Often when I’d find Wanita I’d also see Mackie Allitar somewhere in the vicinity. I began to worry about her safety and so made it my business to always be aware of the whereabouts of either Mackie or Wanita.

But whenever I stalked Mackie I found Bones there too. Once when I was watching Mackie watch Wanita playing down by the stream, I looked up and saw Bones high in the branches of a tree.

It comforted me to know that Bones was guarding her, but I was afraid that one day he’d be off with his bears or stone pots, that one day I’d wake up late and Mackie Allitar would have raped and murdered my last charge.

I was sure that Mackie wanted to kill Wanita. We all knew that he’d been a convict under ex-Warden Reed.

I followed him all day long. Reluctantly Addy promised to keep Wanita with them at night. She didn’t think there was any threat. I guess she figured that keeping Wanita with her would help my sleep.

Mackie looked old and withered, but I saw him as a threat as great as Gray Man.

No one would listen to me. Reggie and Trini couldn’t see past their own love for each other, and Addy trusted in Bones. Miles Barber was morose and sad most of the time, and when he wasn’t he was in terrible pain that was both physical and in his soul.

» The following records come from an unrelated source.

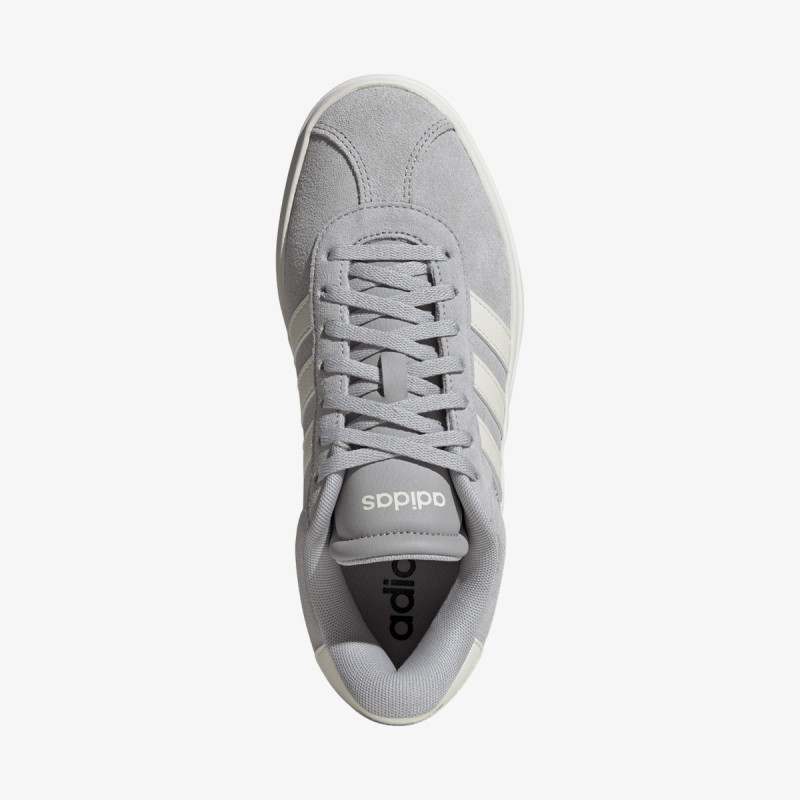 Adidas VL COURT BOLD 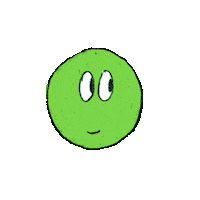 mannequin-hands smile smiley face madeinheaven mannequinhands Sticker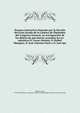 Proceso instructivo formado por la Seccio?n del Gran Jurado de la Ca?mara de Diputados del Congreso General, en averiguacio?n de los delitos de que fueron acusados los ex-ministros D. Lucas Alama?n, D. Rafael Mangino, D. Jose? Antonio Facio y D. Jose? Ign, Alama?n, Lucas, 1792-1853,Mexico. Congreso. Ca?mara de Diputados. Seccio?n del Gran Jurado 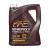 Mannol 7703 Energy Formula PSA 5W-30 (5 L)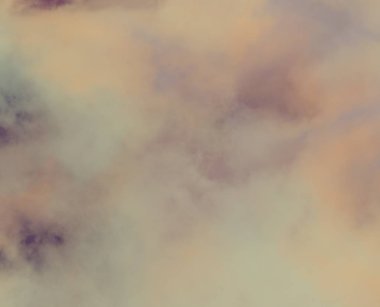 Taranmış Boyalı Soyut Arkaplan. Fırça darbeli resim.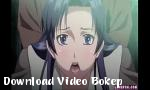 Video bokep 0509052 di Download Video Bokep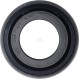 Wkład łożyska 40x85x22 mm UCX08SKF | Exvi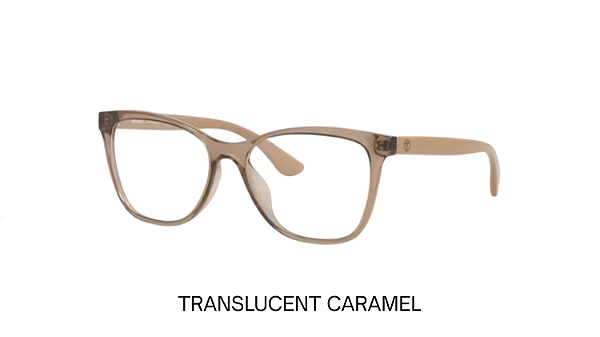 Óculos de Grau Tecnol 0TN3097U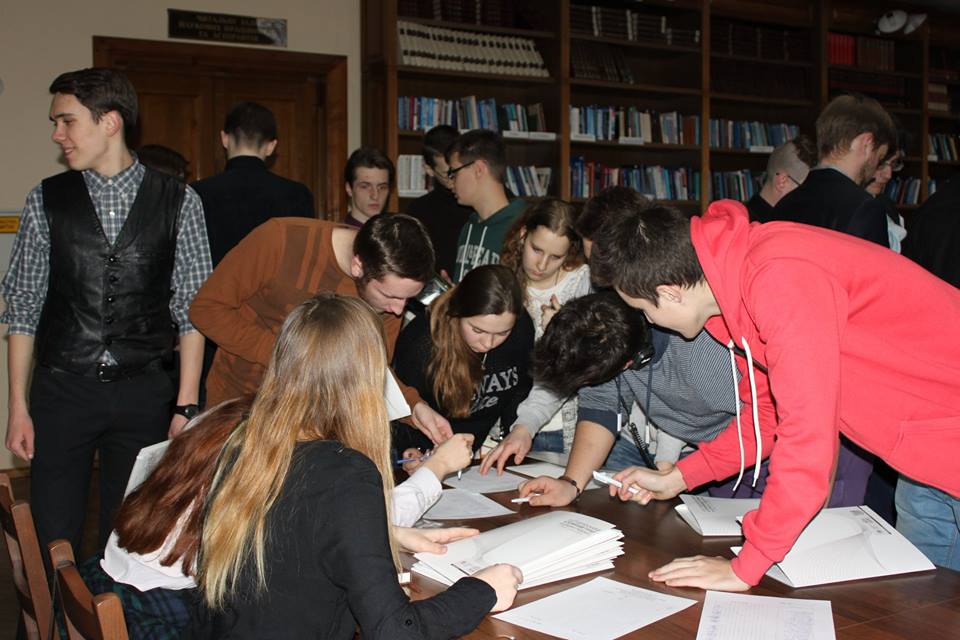 16864968_1664057523890818_7698530484984787203_n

“If he breaks the law, I’ll take him in,” the ex-detective told me once. “But until then it’s a free country.”

Nesta sympathized, even worried a little, but she wasn’t a woman of action, at least not the offensive action I thought it would take to save Wanita.

I finally decided to tell Alacrity my fears. I knew that if she thought her little friend was in trouble, she’d kill the offender. There was no law in Treaty. Juan Thrombone for the most part made no judgments over our moral behavior. And even if he did, I didn’t think he would have wanted to go up against Alacrity.

By that time she was an amazon. More than six feet tall and as strong as the bears she ran with. Alacrity practiced with weapons and in hand-to-claw combat continually. She was an excellent archer, and her ability at throwing the wooden knives she made was frightening.

I was sure that Alacrity was the greatest warrior in the history of the world. She was bold and kindhearted, savage and ruthless. The killing stroke was her caress, but her smile could break your heart.

Alacrity had become a hero — no heroine she — and I found myself thinking of her as the solution to the problem I faced. But then I thought that I should be looking out for her, not the other way around. So I hesitated for a few days more, following Allitar while he shadowed Wanita. Juan Thrombone was always somewhere nearby.

One morning Wanita was sitting under a big rock, watching water cascade into a stream. It was a glittering bright day and warm, almost hot. Mackie sat in the shadows, watching her. I sat in deeper shadow, watching them both.

We stayed that way for hours.

The day grew hotter and I started to nod. I worried that I’d wake up to find Wanita’s small body floating in the stream, so I got up and strolled down to where the child sat.